LegalCrystal Citation
SubjectCivil
CourtKolkata
Decided On
Reported inAIR1935Cal157a
AppellantHelim Ulla
RespondentHakim Ali and ors.
Excerpt:
- .....1922. he also pleaded that he had been dispossessed in chait 1326 as in the earlier suit.2. in the present suit he however recites the circumstance under which the suit of 1922 was withdrawn, recites the facts of the abortive reference to arbitration and institutes the suit, as i have stated, on the same title and on the, same disturbance of his title. i do not think that simply because it is stated in the present plaint that there was an arbitration and the arbitration failed that alters the cause of action. the cause of action in the present suit is the same, in my judgment, as the cause of action in the suit of 1922 and that is the view that has been taken by both the courts below and i agree with them. the plaintiff contends further that the bar of order 23, rule 1(3) would not apply.....
Judgment:

Mitter, J.

1. This appeal must be dismissed.
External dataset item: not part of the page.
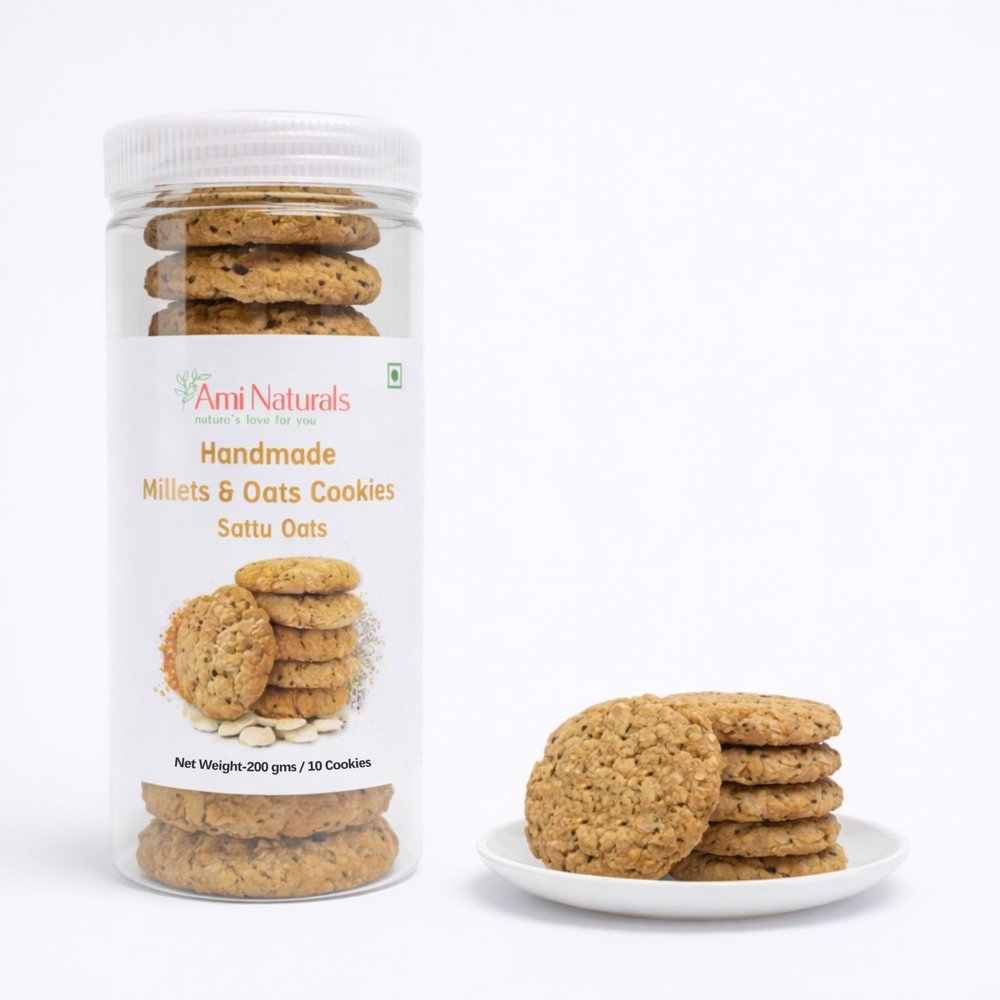 Ami Naturals Sattu & Oats Millet Cookies | Handmade Protein-Rich Healthy Cookies | No Maida, No Added Sugar, No Palm Oil | Fibre-Rich Snack | 200g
The plaintiff instituted a suit in the year 1922 for possession being Suit No. 286 of that year for declaration of title alleging that he had been dispossessed from the lands by the defendants in Chait 1326 B.S. While the suit was pending the plaintiff made an application to withdraw the suit on the plea that the matter would be settled out of Court through the intervention of arbitrators. In this application he did not ask the Court to reserve in his favour a right to bring a new suit on the same cause of action in case the settlement out of a Court through arbitration fell through. On 17th February 1923, the Court permitted the plaintiff to withdraw the suit and as no leave to institute a new suit on the same cause of action had been prayed for no order granting leave was passed. Eventually there was a reference to arbitration out of Court but that arbitration failed. The plaintiff now institutes the suit basing his claim on the same title which he pleaded in Suit No. 286 of 1922. He also pleaded that he had been dispossessed in Chait 1326 as in the earlier suit.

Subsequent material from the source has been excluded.